I have a single thread app (tokio worker_threads = 1) that calls a bunch of API endpoints using the curl crate. In a for loop, I iterate through the endpoints and call an async function send_requests(endpoint_ips), store the futures in a vector and then call join_all(futures).
Since the send_requests() is called with the list of IPs for a given endpoint, I use the curl's Multi to connect to all the given IPs simultaneously, as such:
while multi.perform().unwrap() > 0 {
tokio::task::yield_now().await;
}
After that I collect the metrics from the Easy2 handles which were added to the Multi handle. For instance, connect_time()[1].
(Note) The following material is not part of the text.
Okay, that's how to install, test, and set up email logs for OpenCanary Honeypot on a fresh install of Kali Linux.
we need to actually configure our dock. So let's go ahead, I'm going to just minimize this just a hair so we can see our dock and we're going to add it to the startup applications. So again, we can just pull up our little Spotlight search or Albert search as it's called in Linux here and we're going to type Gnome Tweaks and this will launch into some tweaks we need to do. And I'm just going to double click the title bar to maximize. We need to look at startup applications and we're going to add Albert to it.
The problem with this is that the timing reported by the methods like connect_time(), pretransfer_time(), etc, seem to be getting skewed by the number of async tasks I have. For example, if I double the number of endpoints that I'm calling, the timing reported by curl will increase significantly. What I suspect to be happening is that while tokio is busy scheduling and handling other tasks/futures, the clocks for the futures it's awaiting on are still running. But I'm new to Rust, so I may be completely wrong and not doing things the right way.
Have you folks run into similar issues? Any suggestions, ideas, thoughts?
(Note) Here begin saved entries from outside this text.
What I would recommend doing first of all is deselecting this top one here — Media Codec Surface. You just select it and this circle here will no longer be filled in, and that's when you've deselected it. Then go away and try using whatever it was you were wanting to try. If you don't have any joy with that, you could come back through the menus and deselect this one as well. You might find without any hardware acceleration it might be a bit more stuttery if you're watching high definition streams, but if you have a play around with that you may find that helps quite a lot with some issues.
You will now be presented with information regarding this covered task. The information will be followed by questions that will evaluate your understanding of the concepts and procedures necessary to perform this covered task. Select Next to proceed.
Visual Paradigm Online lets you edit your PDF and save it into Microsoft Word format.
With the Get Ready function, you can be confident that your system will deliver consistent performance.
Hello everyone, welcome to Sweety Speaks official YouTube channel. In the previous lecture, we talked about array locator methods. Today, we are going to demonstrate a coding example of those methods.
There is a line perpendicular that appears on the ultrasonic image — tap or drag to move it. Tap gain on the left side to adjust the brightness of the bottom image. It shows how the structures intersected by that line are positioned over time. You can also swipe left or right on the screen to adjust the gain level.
But to be honest I don't think curl to be the issue here. If I have the same logic described in my post, but instead of calling send_requests() I call another async function called that uses Tokio's async DNS resolver AsyncResolver, I get inaccurate timing:
let resolver = AsyncResolver::tokio(conf, opts);
resolver.clear_cache();
let start = Instant::now();
let lookup = resolver.lookup_ip(endpoint).await;
let end = start.elapsed();
You can use tracing spans. Instrument your async functions with #[instrument]. The span is entered when the corresponding future is polled and exited when it returns from polling.
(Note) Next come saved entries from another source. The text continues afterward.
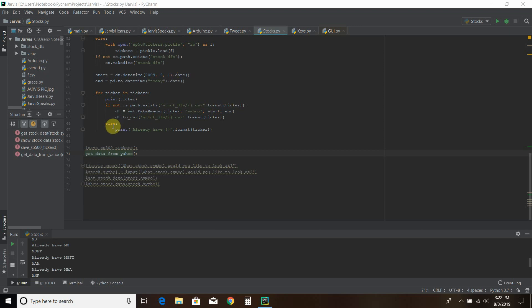And then since you saw me, since I already have all of those downloaded, it took about 10 minutes. It just printed, hey, you already have that stock symbol, that stock symbol, and just kept on going through.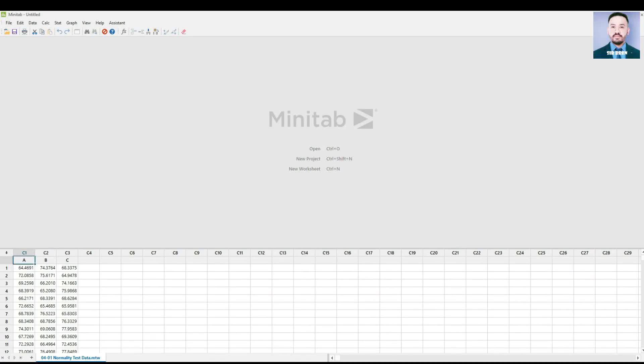Hi, this is Sir Bren and this tutorial is about how to do a normality test in Minitab. In this given data, we have three sets. We are to run a normality test for all of them.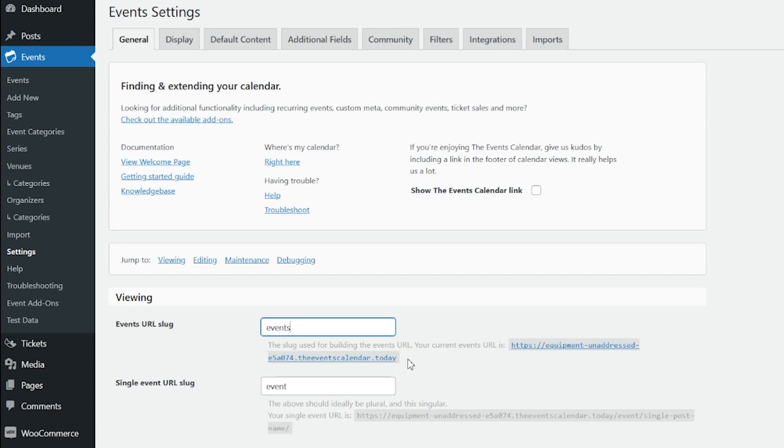If you need any additional help changing the language of the Events Calendar or its companion plugins, please reach out to our support team.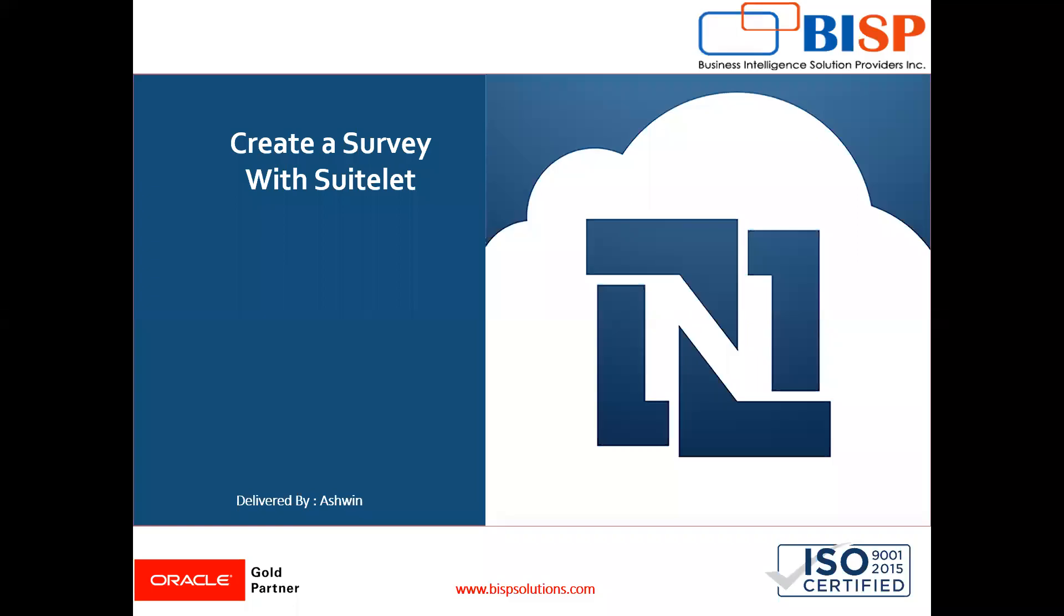Hello friends, welcome to BISP Solutions. Myself Ashwin and I work as a technical consultant at BISP Solutions. BISP Solutions is a tech company that provides technological solutions across the world.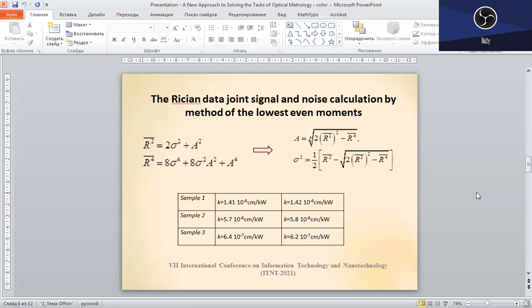The two-parameter analysis of Rice distribution data means computing the Rice distribution parameters and is based on non-parametric techniques of mathematical statistics. As an example, we consider the Rice data analysis by the method of the lowest even moments, based upon measuring the second and fourth moments of the Rice random value. This method is rather simple and still efficient, as it allows an analytical solution. The formulas for the second and fourth moments are presented on the left. Considering these as a system of equations for two unknowns A and sigma-squared, one can calculate the signal and noise parameters, with the solution provided by the formulas on the right.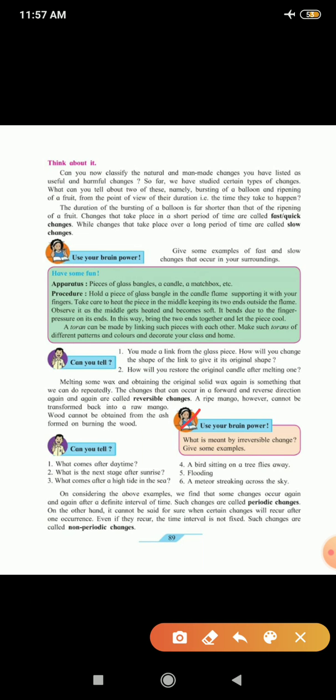A ripe mango, however, cannot be transformed back into a raw mango. Wood cannot be obtained from the ash formed on burning the wood. So, use your brain power. What is meant by irreversible change? The things which we cannot get back into original shape and size and their contents are called irreversible changes. For example, a spoiled fruit, a torn cloth, burning of wood. You can add more examples.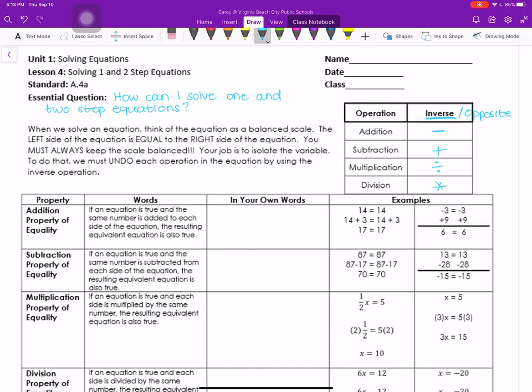When we solve an equation, think of the equation as a balanced scale. The left side of the equation is equal to the right side — you must always keep the scale balanced. Your job is to isolate the variable, meaning get the variable by itself. In order to do that, you must undo each operation using the inverse. The key here is: what you do to one side, you must do to the other.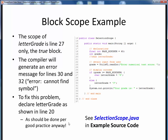To see how this code fails and how to correct it, please view the next short code walkthrough video for selectionscope.java. Open up this file in JGraph so you can follow along — you'll find this example in the usual place. To sum up, if you get in the habit of declaring your variables at the beginning of all your programs and methods, you can largely bypass any problems involving block scope.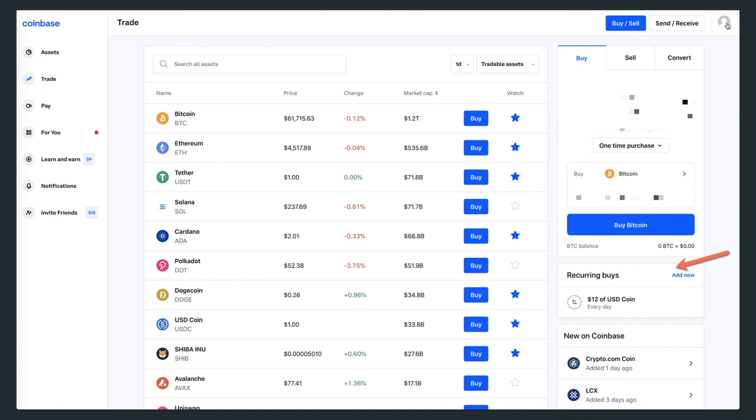Next up—well, it's actually on the same page—you'll see a recurring buy. As you see with that red pointer, I've got it set to $12 every day for USD Coin. You click on that recurring buy.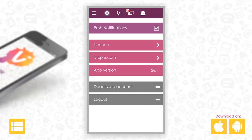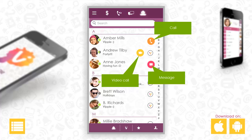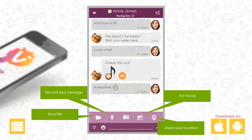If you want to change something, you can do it in the settings tab.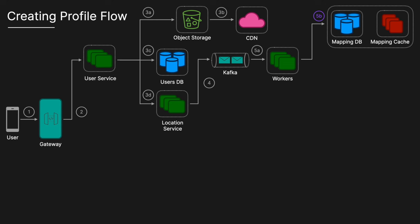Redis is preferred here because the mapping is infrequently updated, making it ideal for caching purposes. Finally, the worker then can create the user document in the correct geo shard, ensuring that the user's profile is accurately stored and indexed based on their location. This is probably the most complicated flow, but if you can understand the geo sharding technique, that's probably the most complex thing to understand in this whole system architecture.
And then calling tokio's asyncresolver's lookup_ip() like this:
let span = span!(Level::INFO, "lookup_ip");
let f = resolver.lookup_ip(endpoint);
let lookup = f.instrument(span).await;
Log:
Jul 25 22:06:41.771 INFO lookup_ip: foo: close time.busy=490µs time.idle=34.7ms
Regardless of which endpoint I resolve, the time.busy is always in the microseconds, and I can confirm the dns lookup is not cached. So I don't think this value can be used as a way to knowing how much time the resolution itself took. According to the doc it means:
span’s busy time (the total time for which it was entered) and idle time (the total time that the span existed but was not entered).